● **TASK MATERIAL**

------------------------------------

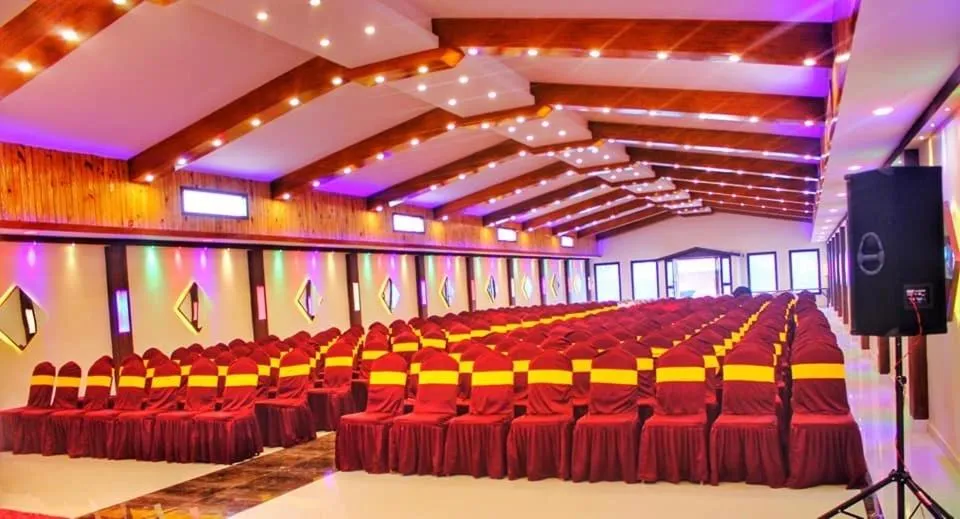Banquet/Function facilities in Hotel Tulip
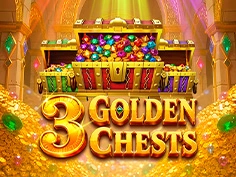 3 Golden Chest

------------------------------------

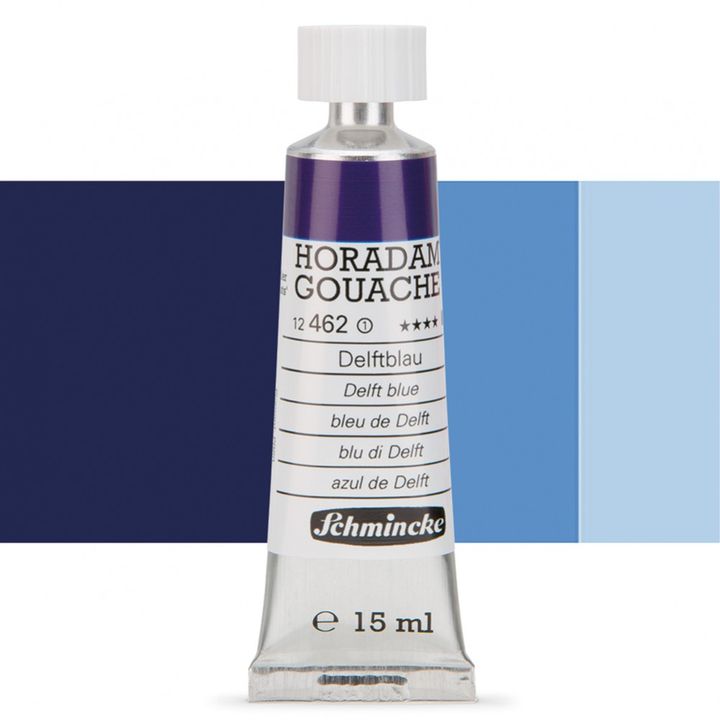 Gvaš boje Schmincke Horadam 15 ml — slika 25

------------------------------------

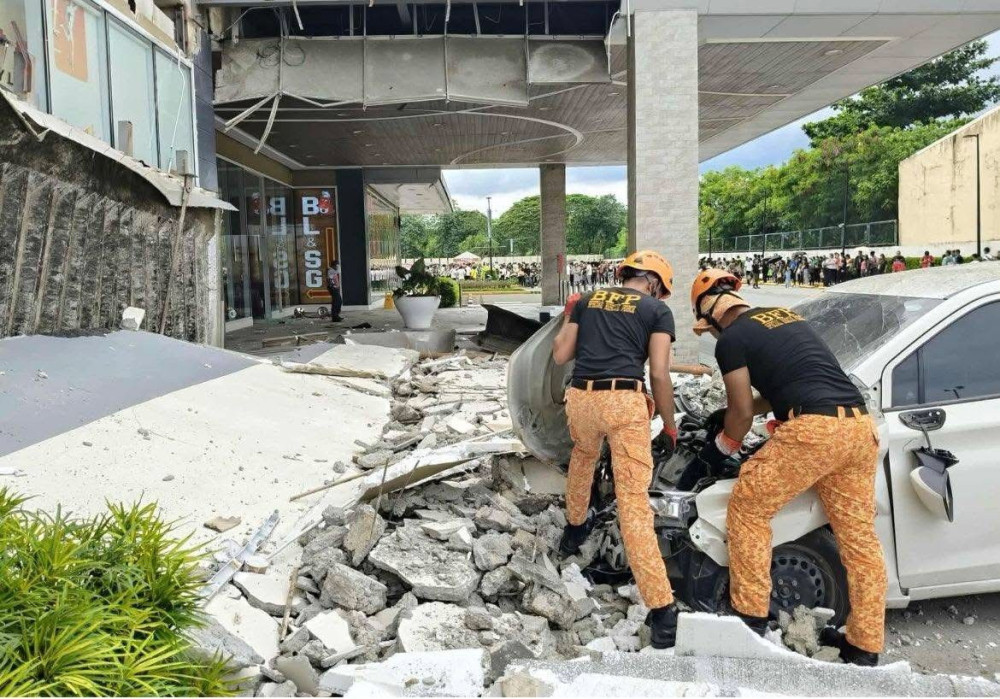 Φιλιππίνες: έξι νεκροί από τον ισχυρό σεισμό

------------------------------------

● **EXERCISE DIRECTIONS**
Using the data above, return the lines from the one holding "Banquet/Function facilities in Hotel Tulip" through the one holding "3 Golden Chest" exactly, but not the pictures.

● **RESPONSE TO THIS TASK**
Banquet/Function facilities in Hotel Tulip
 3 Golden Chest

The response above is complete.